The Memphis journalist who was arrested during an immigration protest last year, and later taken into custody by U.S. Immigration and Customs Enforcement (ICE) is being released on bond, according to a Thursday post on the “Free Manuel Duran” Facebook page.

“ICE has set a bond for Manuel and we paid it,” the post reads. “We are in [sic] our way to Alabama to bring him back home.”

Manuel was the owner of and reporter for Memphis Noticias, a local Spanish-language newspaper, before his detainment. The journalist was arrested last spring while live-streaming an immigration protest Downtown.

The charges were dropped and the case was dismissed, but Duran was not released from the Shelby County Jail.
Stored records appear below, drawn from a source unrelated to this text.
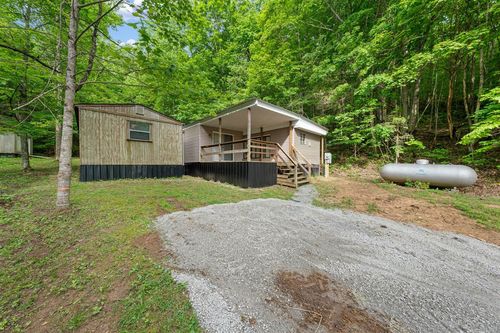 2987 Chestnut Grove Rd, Columbia, KY, 42728-8177 | Card Image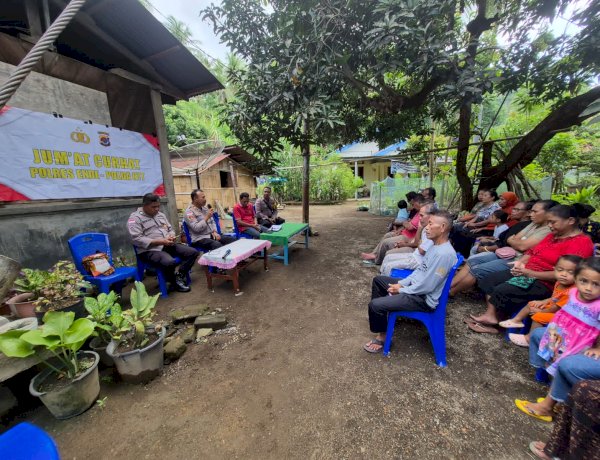 Gelar Kegiatan Jumat Curhat, Kapolsek Ende Serap Kritik dari Masyarakat Demi Perbaikan Pelayanan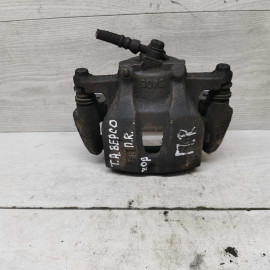 Суппорт передний правый Toyota Avensis Verso I дорестайлинг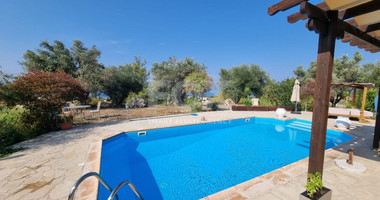 For Sale: Stunning Detached Villa on a large plot with Sea View and Pool in Agia Marina Chrysochous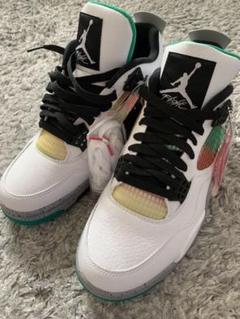NIKE AIR JORDAN 4 RETRO !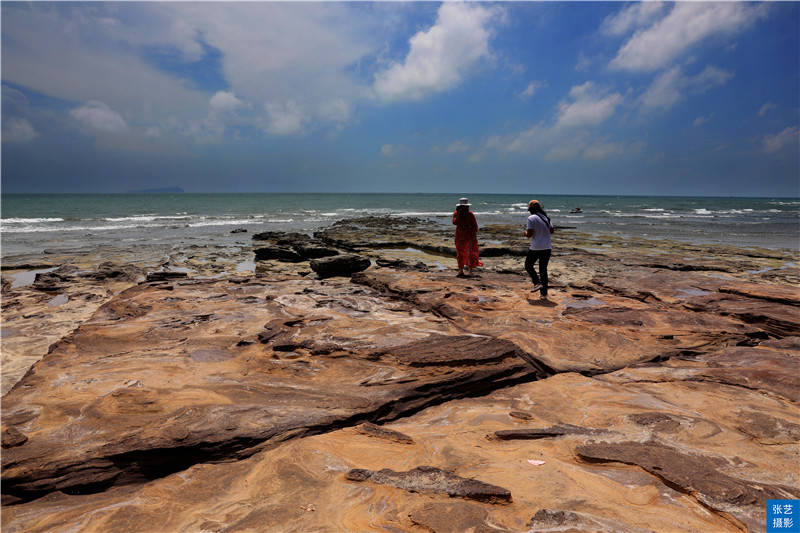 海蚀|国庆小众旅行地：五彩滩堪称中国“天下第一滩”，秋天景色更美丽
ICE officials picked up Duran from the jail and he was transported to the LaSalle Detention Center in Jena, Louisiana.

Facebook

Duran arrested during a protest.

After 15 months in various detention centers, most recently in the Etowah County Detention Center in Gadsden, Alabama, the Board of Immigration Appeals ordered that his case be reopened earlier this month, according to the Southern Poverty Law Center (SPLC), one of the groups who’ve provided Duran with legal assistance.

Reopening the case sends it back to a federal immigration judge to have his asylum claim heard.

The SPLC did not immediately respond to the Flyer‘s request for comment.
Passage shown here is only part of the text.